Rapid Ore Characterization (ROC)
PMCʼs Rapid Ore Characterization (ROC) package provides quick turnaround, semi-quantitative data for preliminary evaluation of mineral processing product streams. A single "As Received" sample is examined using a TIMA Scanning Electron Microscope looking at mineral types and abundance, mineral associations, liberation and surface area exposure, elemental deportment and grain size analysis. Combining multiple samples across the process allows for rapid auditing.
Size-by-Size Mineralogy
The size-by-size analysis approach is a well established mineralogical method providing the same characterization information as the Rapid Ore Characterization except avoids the risk of bias from the wide range of particle sizes by screening samples into different size fractions to be analyzed separately.
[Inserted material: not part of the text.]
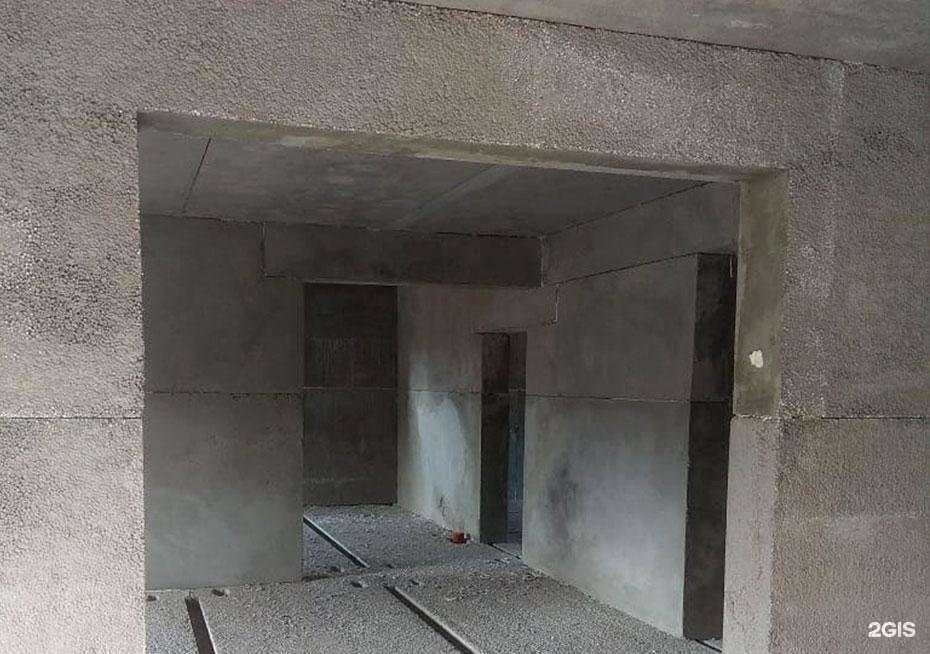 Отзывы на компанию Домкомплект в г. Чита c фото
The additional information provides valuable insights by identifying and quantifying factors that control ore behaviour during processing and tailings disposal. Grind Size prediction and Grade-Recovery predictions are achievable using this methodology and have been proven accurate to laboratory and plant performance. Key to this approach is the integration of analytical, sampling and other cross-disciplinary heuristics to ensure high-precision and accurate data.
Gold Deportment
Many approaches can be taken to characterize the ore which may occur as complex fine grained gold, ultra-fine grained gold, coarse nuggety gold and complex As-rich refractory gold. The approach taken will be dictated by the nature of the ore or plant product, the amount of sample material available, the gold grade and the grain size distribution. For operating plants it is an opportunity to understand feed conditions and gold losses.
In the case of initial gold showings and early deposit drilling a reasonably comprehensive study should be undertaken to provide maximum mineralogical information that can assess the future drilling, and impact on the future processing circuit and recovery. An initial detailed characterization can be carried out on selected representative ore types chosen to provide reasonable coverage of the gold grade range present as well as geological and / or mineralogical differences that may be present.
Geometallurgy
Geometallurgy is the combination of geology, geostatistics, and extractive metallurgy to create a predictive model for an Orebody and Operation over the life of the orebody. This entails a cross-disciplinary approach to address complexities in an ore body and ore/processing interdependencies to understand and optimize the resource economics.